By Amy Spooner
U-M Law
Just because you can’t see the glass ceiling doesn’t mean it is nonexistent, Carolyn Frantz told a packed room of Michigan Law students at the inaugural Leading Women talk held earlier this month. Sponsored by Latham & Watkins, the series profiles Michigan Law alumni who are leaders in business.
Frantz, who is vice president, deputy general counsel and corporate secretary at Microsoft Corp., shared her views of gender bias in the legal industry and was candid in
admitting that she has perpetuated that bias herself.
“When I attended Michigan, I didn’t join the Women Law Students Association because I was adamant that I was a law student, not a woman law student,” Frantz said. “When I entered the workforce, I assumed that because I was doing great, it must mean that gender discrimination didn’t exist.”
Over time, however, Frantz has had to challenge her assumptions.
She came to realize that when meeting a new male associate, she thought about what a promising future he had. When meeting an equally credentialed new female associate, she found herself wondering “if she’ll be any good,” Frantz admitted to the crowd.
“It was painful for me to realize that if I had these biases, then they were everywhere,”?Frantz said.
She was introduced by Latham Vice Chair Ora Fisher, who shared her own story of working on Wall Street in the 1980s.
It was a conservative, male-dominated atmosphere where she was expected to dress like a man. Today, Fisher noted, women still must struggle to find the balance between being authentic and projecting the image that clients expect.
“You’re being hired by clients to handle their problem, so you need to show that you are strong and confident,” said Fisher, who joined Latham right after graduation and now is based in the firm’s Menlo Park, California office. “You also get the opportunity to promote the abilities of your colleagues, which is easier than promoting your own.”
In describing her career path, Frantz told the audience that, as a law student, the only thing that disinterested her as much as women’s issues was the practice of law.
The undergraduate philosophy major, who also graduated from Oxford University as a Rhodes Scholar, was determined to be a law professor.
After clerking on the U.S. Court of Appeals for the D.C. Circuit and on the U.S. Supreme Court (for Justice Sandra Day O’Connor), she taught at NYU and the University of Chicago before joining Bartlit Beck Herman Palenchar & Scott LLP in Chicago.
She left academia because she realized that she liked being busy and deadline driven, and at the firm she realized she liked working with her clients to solve tough problems.
Her favorite client? Microsoft.
Frantz joined Microsoft in 2016 and said her earlier skepticism that representing corporations would be “boring and possibly immoral” has proved to be unfounded.
“I don’t ever feel like I have to choose between giving the moral advice and the advice the business needs to succeed,” she said.
Part of that is inherent to most consumer-focused companies (“We know that if we want to keep selling products, we need to empower our customers, not hurt them.”).

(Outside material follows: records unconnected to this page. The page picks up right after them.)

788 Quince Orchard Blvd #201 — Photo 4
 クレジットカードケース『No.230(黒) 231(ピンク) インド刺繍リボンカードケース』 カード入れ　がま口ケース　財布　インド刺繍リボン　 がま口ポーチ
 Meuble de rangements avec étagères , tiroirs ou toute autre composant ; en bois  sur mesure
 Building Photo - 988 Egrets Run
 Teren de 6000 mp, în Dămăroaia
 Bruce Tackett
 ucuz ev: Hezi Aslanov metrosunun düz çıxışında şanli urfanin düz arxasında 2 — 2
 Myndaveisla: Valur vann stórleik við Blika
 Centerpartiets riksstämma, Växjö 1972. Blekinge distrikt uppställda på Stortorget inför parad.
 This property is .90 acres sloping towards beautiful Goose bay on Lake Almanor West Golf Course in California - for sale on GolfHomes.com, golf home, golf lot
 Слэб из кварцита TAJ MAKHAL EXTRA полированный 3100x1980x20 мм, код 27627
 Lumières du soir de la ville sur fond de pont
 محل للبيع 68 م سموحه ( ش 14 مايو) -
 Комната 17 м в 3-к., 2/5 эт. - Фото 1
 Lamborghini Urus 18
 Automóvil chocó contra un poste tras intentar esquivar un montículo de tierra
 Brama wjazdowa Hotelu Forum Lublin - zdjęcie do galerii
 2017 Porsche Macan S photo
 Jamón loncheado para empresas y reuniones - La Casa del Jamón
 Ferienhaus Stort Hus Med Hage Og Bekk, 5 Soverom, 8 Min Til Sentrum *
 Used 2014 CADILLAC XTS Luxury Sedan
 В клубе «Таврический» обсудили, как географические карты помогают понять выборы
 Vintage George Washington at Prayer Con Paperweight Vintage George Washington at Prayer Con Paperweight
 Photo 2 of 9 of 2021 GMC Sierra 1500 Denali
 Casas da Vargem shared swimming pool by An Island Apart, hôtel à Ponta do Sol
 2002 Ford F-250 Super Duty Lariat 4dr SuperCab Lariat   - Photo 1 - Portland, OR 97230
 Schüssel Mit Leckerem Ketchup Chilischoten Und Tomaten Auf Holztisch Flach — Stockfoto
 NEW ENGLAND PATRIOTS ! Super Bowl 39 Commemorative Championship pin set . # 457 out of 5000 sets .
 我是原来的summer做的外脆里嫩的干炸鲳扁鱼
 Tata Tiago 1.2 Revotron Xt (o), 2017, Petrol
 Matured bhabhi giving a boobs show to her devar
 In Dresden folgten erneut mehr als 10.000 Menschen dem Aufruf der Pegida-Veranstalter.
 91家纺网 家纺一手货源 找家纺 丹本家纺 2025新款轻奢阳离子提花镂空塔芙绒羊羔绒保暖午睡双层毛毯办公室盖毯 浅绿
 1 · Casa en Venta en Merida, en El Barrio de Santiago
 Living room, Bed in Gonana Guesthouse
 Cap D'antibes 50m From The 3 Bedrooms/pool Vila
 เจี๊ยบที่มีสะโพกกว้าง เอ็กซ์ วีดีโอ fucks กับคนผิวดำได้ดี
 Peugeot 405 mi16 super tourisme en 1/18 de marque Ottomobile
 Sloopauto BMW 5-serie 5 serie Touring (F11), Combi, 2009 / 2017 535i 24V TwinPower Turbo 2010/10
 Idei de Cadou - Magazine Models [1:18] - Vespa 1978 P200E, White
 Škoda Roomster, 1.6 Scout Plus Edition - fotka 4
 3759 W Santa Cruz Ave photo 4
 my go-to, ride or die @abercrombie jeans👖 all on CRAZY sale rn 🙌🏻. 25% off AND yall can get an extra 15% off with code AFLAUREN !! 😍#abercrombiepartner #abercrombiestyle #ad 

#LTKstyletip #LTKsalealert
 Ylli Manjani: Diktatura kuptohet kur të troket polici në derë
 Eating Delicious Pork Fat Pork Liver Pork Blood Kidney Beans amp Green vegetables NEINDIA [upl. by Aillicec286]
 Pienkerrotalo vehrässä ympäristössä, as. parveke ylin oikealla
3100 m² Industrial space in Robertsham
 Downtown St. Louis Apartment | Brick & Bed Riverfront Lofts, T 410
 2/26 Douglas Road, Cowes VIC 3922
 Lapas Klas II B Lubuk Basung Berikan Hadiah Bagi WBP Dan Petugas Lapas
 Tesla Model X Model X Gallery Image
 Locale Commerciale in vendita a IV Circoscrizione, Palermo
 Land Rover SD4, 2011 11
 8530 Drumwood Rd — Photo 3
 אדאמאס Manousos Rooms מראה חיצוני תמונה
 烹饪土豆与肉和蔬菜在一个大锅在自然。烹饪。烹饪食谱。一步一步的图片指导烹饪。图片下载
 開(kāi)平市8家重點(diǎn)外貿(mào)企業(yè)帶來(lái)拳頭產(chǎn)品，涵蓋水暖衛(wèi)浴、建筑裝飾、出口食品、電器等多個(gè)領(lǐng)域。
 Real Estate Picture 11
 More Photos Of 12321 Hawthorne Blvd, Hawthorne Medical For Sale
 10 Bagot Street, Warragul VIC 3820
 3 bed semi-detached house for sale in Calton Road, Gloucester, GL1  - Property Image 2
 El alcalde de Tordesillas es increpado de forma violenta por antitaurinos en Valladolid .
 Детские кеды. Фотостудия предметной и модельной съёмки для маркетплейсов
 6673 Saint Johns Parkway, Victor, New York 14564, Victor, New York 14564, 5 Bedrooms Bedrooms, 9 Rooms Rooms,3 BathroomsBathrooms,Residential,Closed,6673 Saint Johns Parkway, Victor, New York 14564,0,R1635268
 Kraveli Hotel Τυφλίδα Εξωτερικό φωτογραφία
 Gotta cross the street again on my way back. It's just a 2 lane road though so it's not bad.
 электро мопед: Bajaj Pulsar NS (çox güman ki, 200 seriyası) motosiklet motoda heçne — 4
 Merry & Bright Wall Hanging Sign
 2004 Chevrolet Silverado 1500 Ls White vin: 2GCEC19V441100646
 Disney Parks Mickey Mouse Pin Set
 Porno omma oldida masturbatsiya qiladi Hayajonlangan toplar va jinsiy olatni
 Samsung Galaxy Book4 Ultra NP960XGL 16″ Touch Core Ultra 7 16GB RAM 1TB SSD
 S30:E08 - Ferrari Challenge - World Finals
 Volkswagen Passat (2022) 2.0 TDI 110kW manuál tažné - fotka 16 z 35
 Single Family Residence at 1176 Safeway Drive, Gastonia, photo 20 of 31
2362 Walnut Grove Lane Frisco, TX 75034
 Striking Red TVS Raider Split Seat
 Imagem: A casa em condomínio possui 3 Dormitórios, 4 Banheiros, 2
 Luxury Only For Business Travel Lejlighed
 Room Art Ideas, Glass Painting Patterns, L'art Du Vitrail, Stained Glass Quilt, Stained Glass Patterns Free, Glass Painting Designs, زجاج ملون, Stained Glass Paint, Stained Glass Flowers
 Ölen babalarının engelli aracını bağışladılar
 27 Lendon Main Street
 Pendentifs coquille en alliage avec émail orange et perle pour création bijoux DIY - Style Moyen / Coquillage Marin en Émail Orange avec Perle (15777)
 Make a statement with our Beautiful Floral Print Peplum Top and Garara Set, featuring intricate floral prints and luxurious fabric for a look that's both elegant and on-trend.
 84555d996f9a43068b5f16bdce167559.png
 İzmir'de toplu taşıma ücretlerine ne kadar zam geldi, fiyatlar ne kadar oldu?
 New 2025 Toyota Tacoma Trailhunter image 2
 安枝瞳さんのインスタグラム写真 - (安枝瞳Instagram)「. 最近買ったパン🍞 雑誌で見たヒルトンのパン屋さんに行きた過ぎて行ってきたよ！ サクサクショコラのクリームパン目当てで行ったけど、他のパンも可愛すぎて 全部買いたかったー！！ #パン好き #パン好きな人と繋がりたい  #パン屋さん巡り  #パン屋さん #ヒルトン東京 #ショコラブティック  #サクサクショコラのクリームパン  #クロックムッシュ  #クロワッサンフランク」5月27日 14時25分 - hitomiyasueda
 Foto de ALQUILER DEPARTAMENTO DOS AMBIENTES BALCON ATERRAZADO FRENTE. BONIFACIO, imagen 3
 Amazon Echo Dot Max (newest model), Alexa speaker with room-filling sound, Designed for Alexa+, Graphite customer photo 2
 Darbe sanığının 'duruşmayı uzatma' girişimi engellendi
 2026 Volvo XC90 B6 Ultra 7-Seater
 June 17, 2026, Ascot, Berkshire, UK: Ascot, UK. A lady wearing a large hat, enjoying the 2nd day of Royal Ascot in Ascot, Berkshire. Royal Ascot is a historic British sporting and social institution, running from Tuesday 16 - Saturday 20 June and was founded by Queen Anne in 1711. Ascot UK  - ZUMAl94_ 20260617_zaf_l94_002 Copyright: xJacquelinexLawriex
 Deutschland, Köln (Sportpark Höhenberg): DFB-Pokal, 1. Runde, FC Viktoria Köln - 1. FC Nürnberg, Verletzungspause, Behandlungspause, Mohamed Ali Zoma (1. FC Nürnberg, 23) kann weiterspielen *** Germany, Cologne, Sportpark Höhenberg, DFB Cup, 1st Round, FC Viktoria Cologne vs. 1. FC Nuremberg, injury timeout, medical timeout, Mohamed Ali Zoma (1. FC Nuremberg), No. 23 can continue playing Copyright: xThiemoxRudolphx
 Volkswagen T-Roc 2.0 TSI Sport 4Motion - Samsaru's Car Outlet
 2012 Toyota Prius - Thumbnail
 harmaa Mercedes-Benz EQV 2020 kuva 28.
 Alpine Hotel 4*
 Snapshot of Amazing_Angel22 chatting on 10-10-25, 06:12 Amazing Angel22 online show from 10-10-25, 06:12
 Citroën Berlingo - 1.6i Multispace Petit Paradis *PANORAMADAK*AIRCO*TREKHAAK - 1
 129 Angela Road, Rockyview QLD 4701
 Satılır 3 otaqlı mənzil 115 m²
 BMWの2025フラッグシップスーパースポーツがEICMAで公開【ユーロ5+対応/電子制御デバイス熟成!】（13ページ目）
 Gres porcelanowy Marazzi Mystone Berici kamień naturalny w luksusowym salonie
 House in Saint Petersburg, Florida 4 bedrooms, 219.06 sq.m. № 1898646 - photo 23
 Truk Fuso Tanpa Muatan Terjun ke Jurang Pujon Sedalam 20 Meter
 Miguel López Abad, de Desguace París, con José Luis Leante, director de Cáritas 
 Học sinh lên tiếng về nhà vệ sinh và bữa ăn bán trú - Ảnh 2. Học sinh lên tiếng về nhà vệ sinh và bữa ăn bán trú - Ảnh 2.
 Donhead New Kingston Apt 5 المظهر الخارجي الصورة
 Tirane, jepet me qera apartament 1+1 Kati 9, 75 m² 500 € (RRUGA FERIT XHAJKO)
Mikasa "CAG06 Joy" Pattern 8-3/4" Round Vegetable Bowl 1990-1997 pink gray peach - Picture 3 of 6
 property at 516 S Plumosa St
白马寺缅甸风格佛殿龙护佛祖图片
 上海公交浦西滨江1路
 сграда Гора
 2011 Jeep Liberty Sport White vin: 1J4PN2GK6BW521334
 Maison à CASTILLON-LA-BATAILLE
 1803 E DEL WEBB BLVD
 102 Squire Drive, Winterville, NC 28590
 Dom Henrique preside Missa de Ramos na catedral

But Frantz said it also speaks to Microsoft’s community-focused ethos, which includes social initiatives like bringing broadband access to rural America and providing training so workers can be ready for the modern, digital workplace. Another important reason for her change of heart was that she found that working for a corporation can have heart, too.
“People care about their work at Microsoft,” she said, “and that makes it easy to care about them. Work done well feels personal.”
Because she takes her work so personally, Frantz said it is stressful — but the kind of stress that energizes her.
“It’s pressure, but it’s what I like,” she said.
As her career has advanced, she faces work-life balance conflicts with raising three young children “every week. But looking back, I wouldn’t do anything differently.”
She encouraged the women in the audience to find mentors within and outside their organizations, citing her main internal client — Executive Vice President and CFO Amy Hood — as a powerful role model for her, both personally and professionally.
“If you are thinking about joining an organization that doesn’t have any women in leadership positions, what makes you think that will change?” Frantz said.
Fisher also encouraged students to look closely at organizations’ structure and culture.
“I once had a professor tell me the following: ‘You cannot underestimate how much a law firm cares about you.’ But I always have felt greatly valued at Latham,” said Fisher. “If you consider going in-house, the most important question you should ask is, how much does the company value the opinions of its lawyers?”
While both acknowledged that women face unique challenges in advancing in the legal profession, Fisher and Frantz were adamant that some key factors for success transcend gender lines.
“I still attend meetings where I’m the only woman, but at Microsoft, I generally find that what I get out of the day is proportional to what I put into it,” Frantz said. “People listen to my good ideas, less so to my bad ones. That’s exactly how it should be.”